2. in the prior art, part of systems encrypt data in a block chain by a simple encryption method, but the simple encryption method cannot meet the high security of data transaction, once a transaction channel is attacked, the data is easy to leak or be tampered, the data affects both transaction parties, and the transaction efficiency is correspondingly reduced;

therefore, a need exists for a blockchain fragmentation-based transaction management system that can improve transaction efficiency and ensure the security of transaction processes to solve the above problems.

Disclosure of Invention

The invention aims to provide a transaction management system and method based on blockchain fragments to solve the problems in the background technology.

In order to solve the technical problems, the invention provides the following technical scheme: a transaction management system based on blockchain fragmentation comprises a transaction fragmentation module, a routing design module, a transaction protection module and a transaction module;

the transaction slicing module carries out transaction slicing on the block chain according to the transaction type, distributes block chain links to each transaction slice as required, and simultaneously constructs a virtual node in each transaction slice to manage the transaction slices;

the routing design module is used for selecting a storage path for transaction data generated by the transaction fragments, designing a routing mechanism for transaction data transmission, and finishing the safe storage and transmission of the transaction data;

the transaction protection module is used for encrypting and protecting data information in transaction, encrypting the data before the transaction is carried out, and safely decrypting the transaction data when the transaction reaches a destination;

the transaction module is used for monitoring the transaction process in real time, broadcasting the transaction completion status to the whole transaction path within a fixed time interval and reminding the transaction path to enter a busy hour waiting state.
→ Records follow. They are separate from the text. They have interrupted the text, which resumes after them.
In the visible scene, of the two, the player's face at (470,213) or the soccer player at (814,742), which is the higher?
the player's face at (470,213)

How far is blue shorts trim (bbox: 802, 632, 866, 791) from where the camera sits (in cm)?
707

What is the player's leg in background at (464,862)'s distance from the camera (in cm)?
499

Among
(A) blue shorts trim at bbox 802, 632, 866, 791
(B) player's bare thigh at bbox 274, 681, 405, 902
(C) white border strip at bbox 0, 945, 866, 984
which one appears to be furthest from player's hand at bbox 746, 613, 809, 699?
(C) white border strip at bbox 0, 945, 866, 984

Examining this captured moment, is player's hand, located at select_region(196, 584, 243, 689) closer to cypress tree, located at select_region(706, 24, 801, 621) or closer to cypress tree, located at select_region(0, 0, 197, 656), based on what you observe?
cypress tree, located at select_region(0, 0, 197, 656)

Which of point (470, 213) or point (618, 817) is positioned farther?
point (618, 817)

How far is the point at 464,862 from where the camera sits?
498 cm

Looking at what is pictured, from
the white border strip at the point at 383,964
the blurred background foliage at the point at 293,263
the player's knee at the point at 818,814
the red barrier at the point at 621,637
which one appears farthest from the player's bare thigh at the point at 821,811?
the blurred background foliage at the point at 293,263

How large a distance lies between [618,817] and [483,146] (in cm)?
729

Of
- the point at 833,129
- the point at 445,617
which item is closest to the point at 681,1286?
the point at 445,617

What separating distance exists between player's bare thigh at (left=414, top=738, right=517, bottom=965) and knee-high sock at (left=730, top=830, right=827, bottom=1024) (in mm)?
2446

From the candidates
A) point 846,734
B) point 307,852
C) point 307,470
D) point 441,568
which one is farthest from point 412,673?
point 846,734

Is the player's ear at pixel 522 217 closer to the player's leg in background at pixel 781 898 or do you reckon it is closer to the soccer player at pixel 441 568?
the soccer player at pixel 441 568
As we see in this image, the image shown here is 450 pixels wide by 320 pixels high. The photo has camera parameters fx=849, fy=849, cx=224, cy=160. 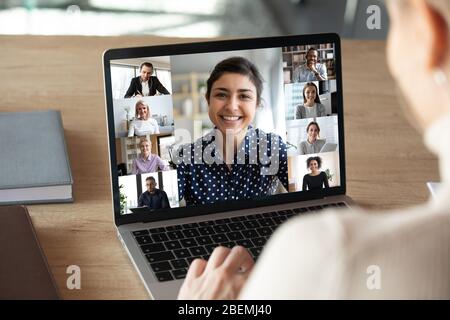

Further, the transaction fragmentation module comprises a block chain fragmentation unit, a node partitioning unit and a virtual construction unit;

the block chain fragmentation unit is used for fragmenting transactions and storing fragmented transaction data in different block chain units;

the node partitioning unit divides the nodes according to the length of the transaction data in the blockchain unit, inserts identification nodes into random positions in the blockchain unit according to the node partitioning sequence, and identifies the transaction fragments and the positions of the nodes in the current blockchain unit;

the virtual construction unit is used for generating a virtual address and a virtual random key of a transaction sender;

the virtual address is generated by hash processing, and the IP address of the transaction sender is determined according to a formula:

；

wherein M is_IPFor encrypted virtual addresses, f_uThe method is a random hash function of a transaction sender u, IP is an IP address of the transaction sender, K is a hash floating value generated randomly, m is the length of the IP address of the transaction sender, and the generation of a virtual address can protect personal information of both parties of a transaction and avoid personal information leakage in the transaction process.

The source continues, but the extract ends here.